----- TASK DATA -----

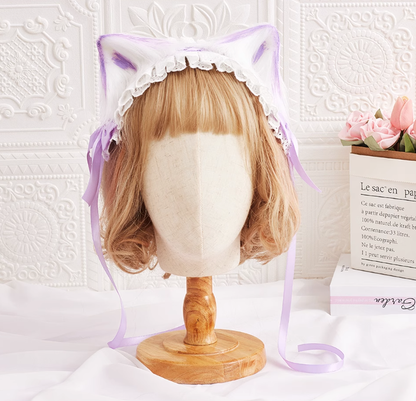 Sugar Time - Kawaii Lolita Cat Ears Design Headband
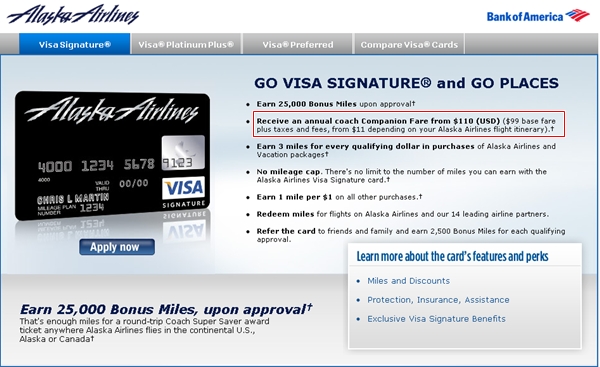 Alaska Airlines Visa Companion Ticket-No More First Class?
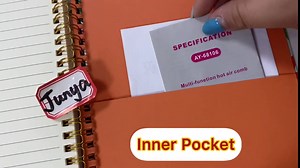 Junya Pink Spiral Notebook Lined Journal with 2 Pockets and 160 Wide Ruled Pages 8.25" x 6.25" Hard Cover Floral Notebook for Office, Home, School, Travel, Mother Day Gift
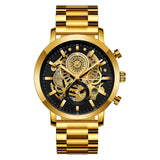 Men's Multi-functional Calendar Watch Hollowed Out - Dazpy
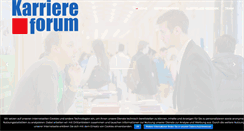 Desktop Screenshot of karriereforum.eu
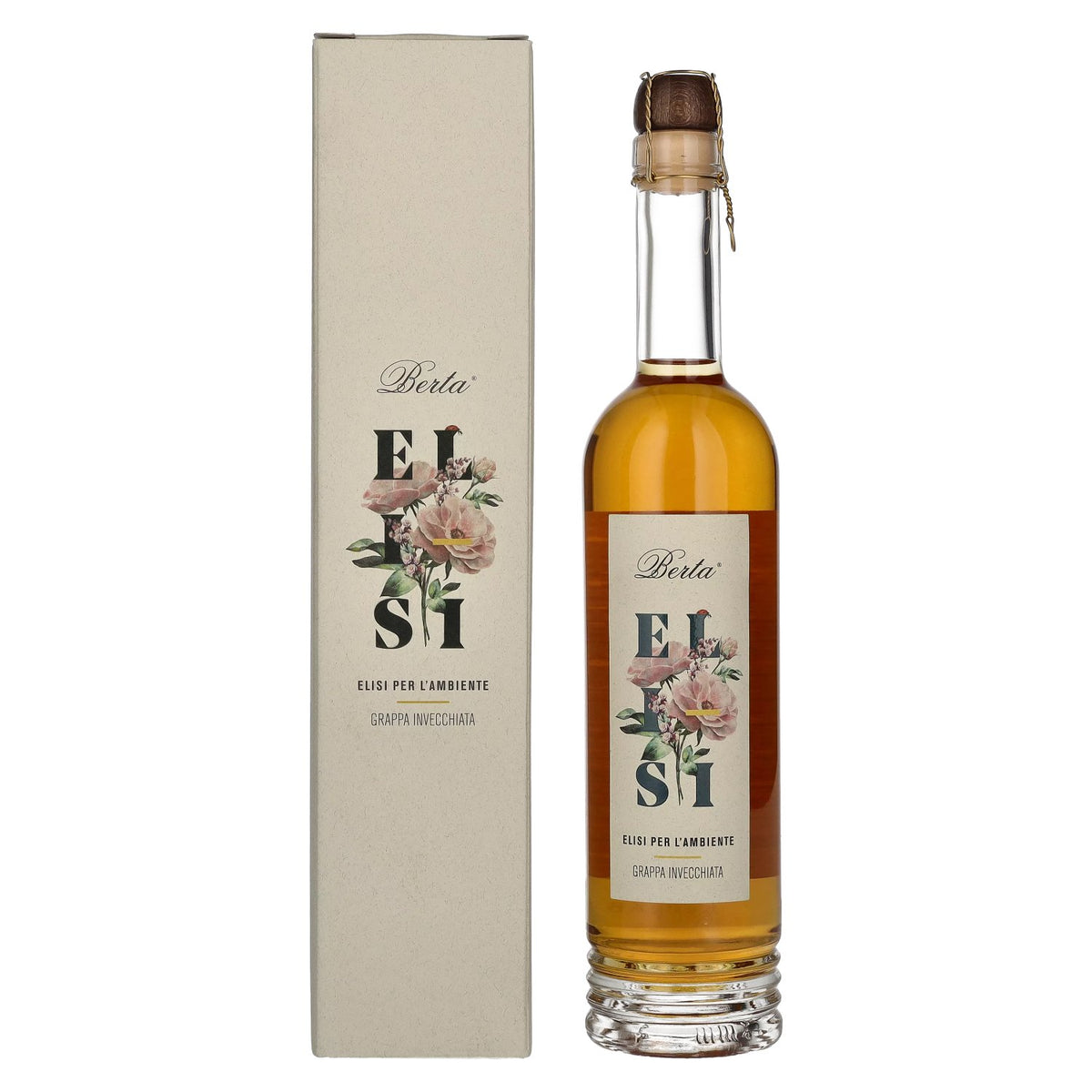 Berta Grappa Elisi per L'Ambiente Grappa Invecchiata 43% Vol. 0,5l in gift box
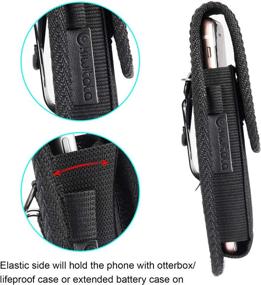 img 2 attached to 📱 Kiwitatá Nylon Pouch Cell Phone Holster: Rugged Belt Clip Holder for iPhone 8/SE2, 7, 6S, 6 & SE 12 Mini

-----

WORK TO COMPLETE:
Only one thing is required: an exact printout of the lines from the line containing "Desktop Screenshot of karriereforum.eu" through the last line of the records, pictures excluded.

PROBLEM SOLUTION:
 Desktop Screenshot of karriereforum.eu
 Berta Grappa Elisi per L'Ambiente Grappa Invecchiata 43% Vol. 0,5l in gift box
 img 2 attached to 📱 Kiwitatá Nylon Pouch Cell Phone Holster: Rugged Belt Clip Holder for iPhone 8/SE2, 7, 6S, 6 & SE 12 Mini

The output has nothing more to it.